Ir ao mar na Leirosa
As minhas tias o mês todo na varanda frente à praia, como lagartos ao sol, escondidas atrás de um paravento. E nós por ali.
Descia-se ao areal por uma pouco recomendável escada de pau nascida numa cerca velha, escangalhada, que delimitava a rua. O mar incutia o maior respeito e as companhas só dispunham de remos, cada barco tripulado por mais de vinte homens audazes e um arrais frio e capaz de conter os medos. Mas era do que aquela gente vivia... No regresso da faina, quatro juntas de bois puxavam as redes ao longo de muitas horas e muita, muitísima. varapauzada. Fazia dó. Por isso se encontrava de tudo na areia: bosta dos animais, peixito miúdo caído das redes dos dias anteriores, uns vidros...; o que escasseava era um lugar para sossegadamente se estender a toalha.

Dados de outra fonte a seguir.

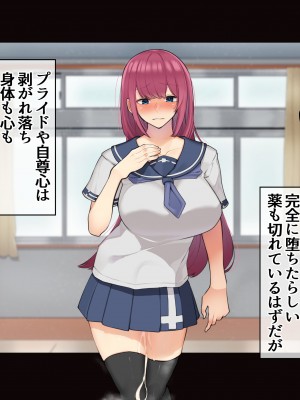 [花澤すおう。] モテ期に全員孕ませたい2年目 1-16話_270_A280003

A gente ia fumar para outras bandas e só galopava até à velha cerca ouvindo o berreiro do mulherio - Ai o meu home! Ai o meu home que o mar o leva! Valei-lhe Senhora do Céu! - E o espectáculo do mar embravecido atraía e assustava, filme empolgante e tremendo dum barco sem conseguir ultrapassar a rebentação das ondas, cheio como um ovo, ora erguido a pique pela proa, ora atravessando-se nos vagalhões, ora vindo para trás como se fosse de papel. E depois nova surtida e muito bagaço no fim para sossegar os corações...
Coisas que já passaram. A Leirosa tem hoje todas as suas ruas asfaltadas, há restaurantes, cafés, mercados e o sempiterno cheirinho a sardinha assada nas grelhas à porta das casas. Tem uns pontões que ralham ao mar mau e um areal fabuloso onde cabem todos porque (quase) ninguém o frequenta.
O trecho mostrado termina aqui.